Be Bold in Sales: How to Fight Resistance and Win
Why Resistance Is Costing You Sales
Have you ever stared at your phone like it was judging you?
You’ve got a hot lead. You know you should follow up. And suddenly your brain decides now would be a great time to clean out your glove compartment, alphabetize your inbox, or learn French.
Here’s the good news: it’s not laziness. Here’s the bad news: it is resistance.
In sales training, we spend a lot of time talking about skills, scripts, and strategy. But if you don’t learn how to fight resistance, none of that matters. Resistance is the silent killer of follow-up, confidence, and conversions. Boldness is the cure.
1. Recognize the Voice of Resistance Before It Wins
Resistance doesn’t yell at you. It whispers:
“Don’t call them. You’ll sound desperate.”
“If they were serious, they’d reach out.”
“You don’t want to be annoying.”
Sound familiar?
I first encountered this idea in Steven Pressfield’s The War of Art. He calls it Resistance, with a capital R. It’s the internal force that keeps you from doing meaningful work.
In sales, it shows up right before the follow-up call. Right before you ask for commitment. Right before you move the deal forward.
If you’ve ever struggled with why you should be asking for commitment from your customer, this is exactly where resistance sneaks in.
And when resistance keeps winning, it slowly shifts your thinking. You may not have a loser’s mindset, but you might be developing a losing one. I break down that distinction in Do You Have a Loser’s Mindset or a Losing Mindset?
Awareness is your first act of boldness. Once you can identify the voice, you can challenge it.
2. Boldness Isn’t Fearlessness, It’s Action Anyway
Let’s clear something up: boldness is not the absence of fear. Boldness is feeling the fear and acting anyway. You meet a great buyer on Sunday. Strong connection. Positive energy. They say, “We’ll be in touch.”
Now it’s Monday morning. You’ve got their number. You’re staring at it. And resistance shows up with its usual nonsense:
“They’re probably busy.”
“You should give it a day.”
“Who wants to sound like a telemarketer?”
What’s really happening is this: your brain is writing a story that protects your comfort zone. But growth lives inside discomfort. Boldness doesn’t mean polished. It means present, proactive, and on purpose.

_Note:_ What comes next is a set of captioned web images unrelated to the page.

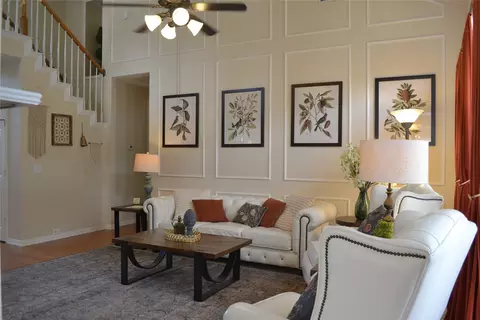 Living - 3220 Peppertree Pl, Plano, TX 75074 photo 2 of 3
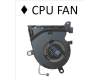 13NR0EN0T04011 Asus GV302NF THERMAL CPU FAN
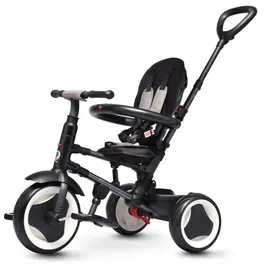 Qplay Rito Plus Black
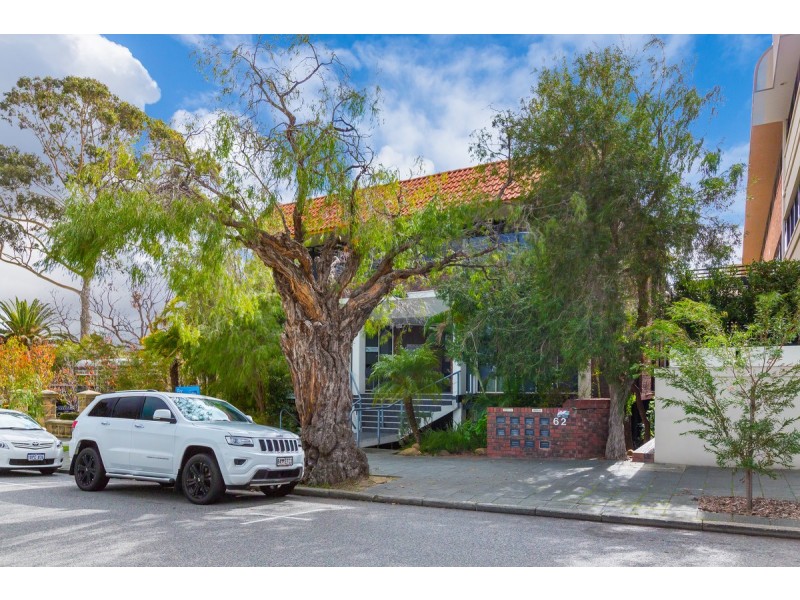 6/62 Ord Street, West Perth WA 6005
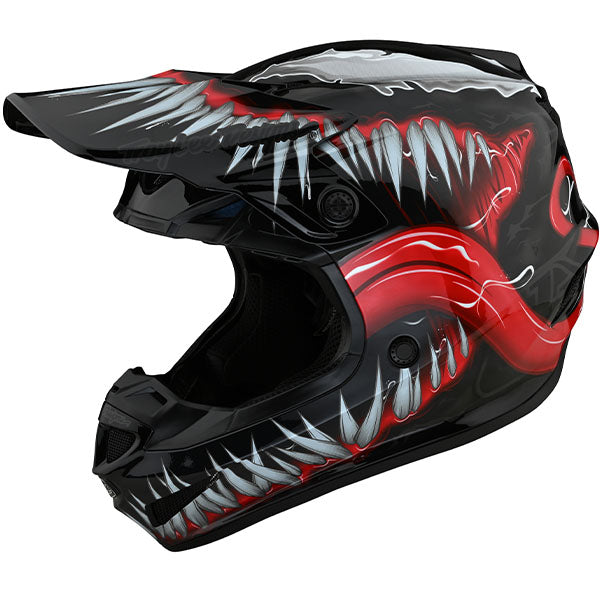 bike helmet venom Troy Lee Designs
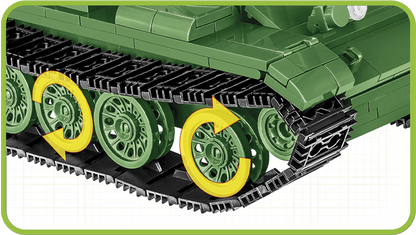 COBI T-55 #2234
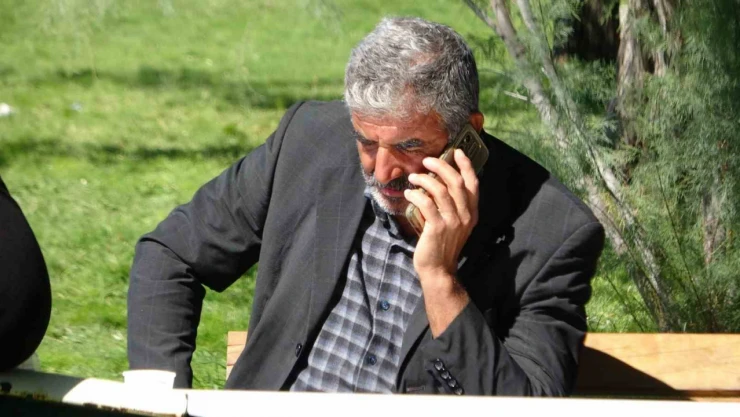 Van'da kaybolan Rojin 10 gündür aranıyor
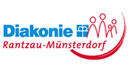 Logo Diakonisches Werk Rantzau- Münsterdorf gGmbH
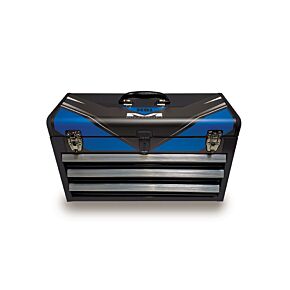 Matrix Concepts Matrix Concepts M81 Worx Box - Blue - M81-103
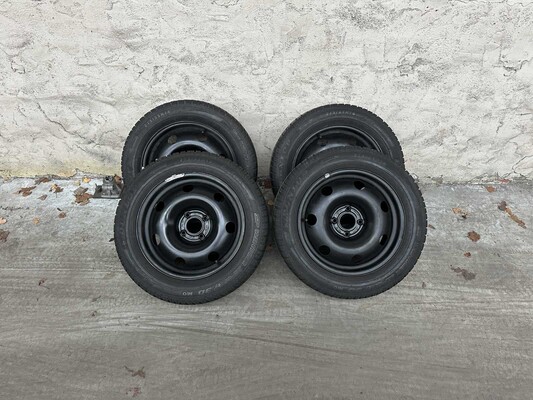 Peugeot 5008 1,6 THP Style 7p. 154 PS 2013, 3-KPS-24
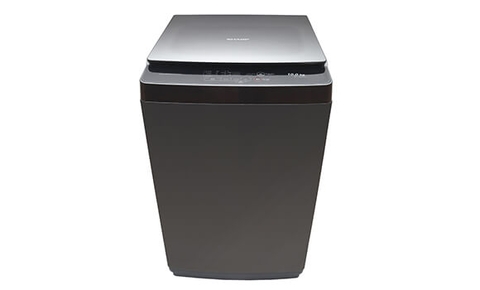 Máy giặt Sharp 10 kg ES-Y100HV-S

3. Decide Your Behavior Before the Discomfort Shows Up
Here’s the professional move: decide what you will do before the discomfort hits. Pre-commit to action. Before you hesitate, write the script. Before resistance whispers, define your response.
When I start hesitating, I remind myself:
This is not about me. It’s about helping someone make a great decision.
Top performers don’t let emotion dictate behavior. They install disciplines. That’s exactly what I outline in my 10-5-3-1 performance improvement plan for sales coaching.
And if follow-up is your sticking point, my Follow-Up and Close the Sale training course was built to help you push through resistance and confidently move deals forward.
Discipline beats emotion. Every time.
4. Show Up With Belief, Because Buyers Can Feel It
I once worked with a salesperson who hated making calls. She told me it made her feel “salesy.” So we made a deal. Before every call, she had to say out loud: “I am not annoying. I am amazing.”
Yes, it felt silly. But her conversions went up. Why? Because she stopped showing up apologetically and started showing up with belief. And belief transfers.
That’s the foundation behind the assumptive close and why it works so effectively. Confidence isn’t arrogance. It’s clarity of purpose.
Your Challenge: Do the Thing You’ve Been Avoiding
Pick one thing resistance has been talking you out of:
- The follow-up call you haven’t made
- The closing question you didn’t ask
- The message you keep rewriting in your head
And do it. Even once. You will rarely regret action. You will often regret hesitation.
Boldness wins. Resistance is just noise. Be brave. Take the shot!